April 11 (Bloomberg) -- Peru kept borrowing costs unchanged amid expectations that reserve requirement cuts over the last year will help sustain the current expansion.
The seven-member board, led by bank President Julio Velarde, maintained the overnight rate at 4 percent for a fifth straight month yesterday, matching the estimates of all 15 economists surveyed by Bloomberg.
Indicators and surveys “point to dynamic economic activity in the first half of this year though a slower pace than expected,” the central bank said in a statement accompanying its decision. The board is “ready to consider additional monetary policy measures if needed.”
Policy makers this month cut the reserve requirement ratio for the eighth time in nine months to boost lending as falling exports from the world’s third-largest copper producer damp private investment. First-quarter indicators suggest growth quickened from January’s eight-month low of 4.2 percent without stirring inflation pressures, said Roberto Flores, the head of research at Inteligo SAB, a Lima-based brokerage.
South America’s sixth-largest economy expanded 5.6 percent last year, the slowest pace since 2009, as slowing Chinese demand triggered a slump in copper shipments that account for a quarter of Peru’s exports. Copper prices have fallen 11 percent this year, adding to a 7.2 percent drop in 2013. Gold, Peru’s second-largest export, has risen 9.8 percent this year.

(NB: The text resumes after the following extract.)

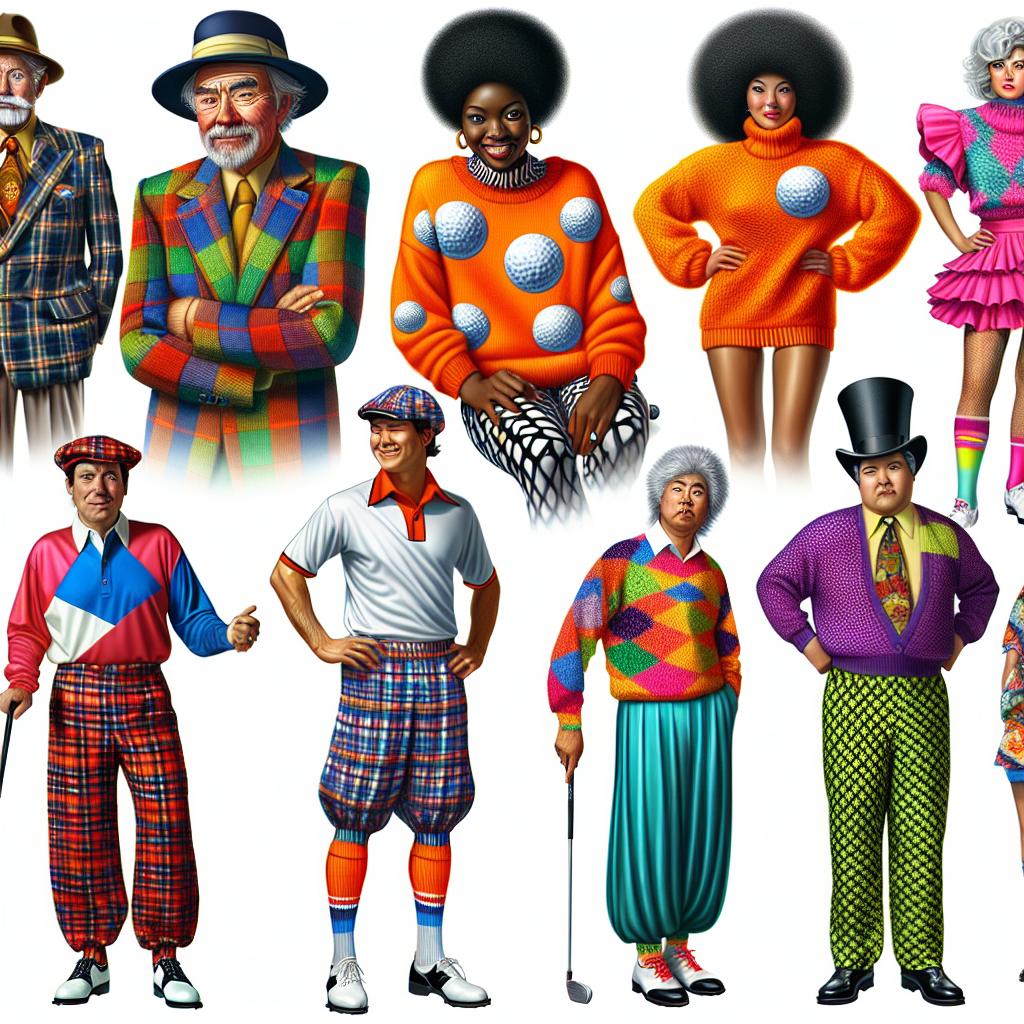 Fashion Disasters in Golf History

The central bank cut its benchmark lending rate for the first time in four years in November and has freed up almost 8 billion soles ($2.9 billion) for lending since June by easing reserve requirements. President Ollanta Humala’s government has pledged to curb red tape slowing mining and energy projects and is touting $13 billion of infrastructure contracts to shore up investment.
The annual pace of growth probably quickened to 5.2 percent in February while cement and electricity demand and export volumes rose in March, Velarde told reporters April 2.

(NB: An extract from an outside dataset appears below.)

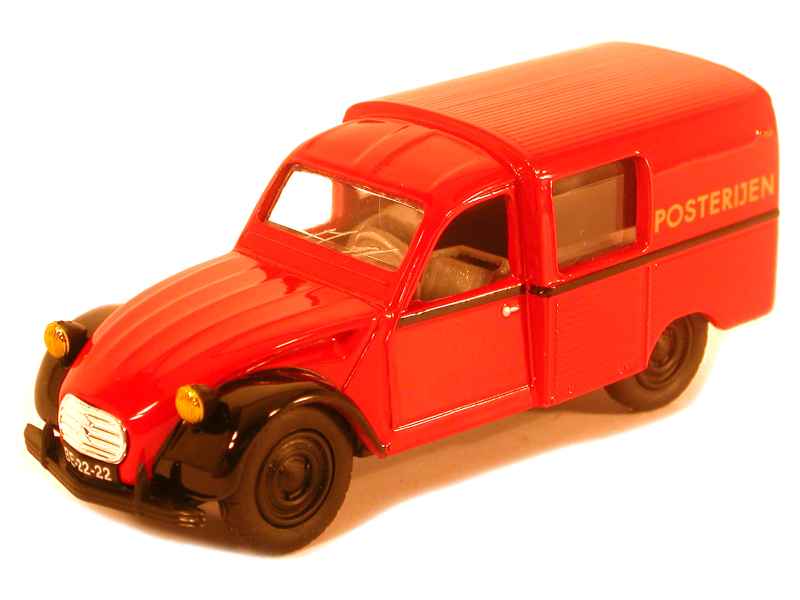 29260 Citroën 3CV Fourgonnette Postes NL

“We see clear signs of recovery in almost all the economic indicators,” Finance Minister Miguel Castilla told reporters in Lima yesterday. “We’ll probably see that private investment touched bottom in the first quarter,” and will accelerate to grow 5 percent in 2014, he said.
Demand for televisions and cars has weakened after the 8.8 percent depreciation in the sol last year increased prices for imported goods, Velarde said. Though Peru’s mining output rose less than expected in January, the outlook for the industry is “still highly positive,” he said.

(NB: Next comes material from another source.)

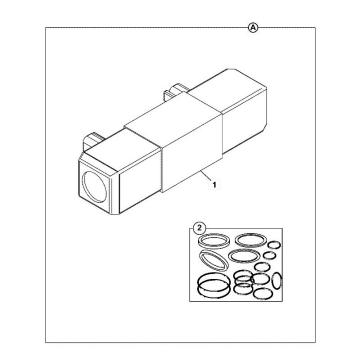 Distribuitor JCB 3CX 25/220998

In a central bank survey conducted last month, economists reduced their 2014 growth forecasts to 5.4 percent from 5.6 percent a month earlier and to 5.7 percent from 5.9 percent for next year, the central bank said April 4.
Economist raised their inflation projection to 2.8 percent from 2.6 percent for this year and maintained their 2.5 percent estimate for 2015.
Annual inflation slowed to 3.38 percent last month from 3.78 percent in February. The central bank targets inflation in a range of 1 percent to 3 percent.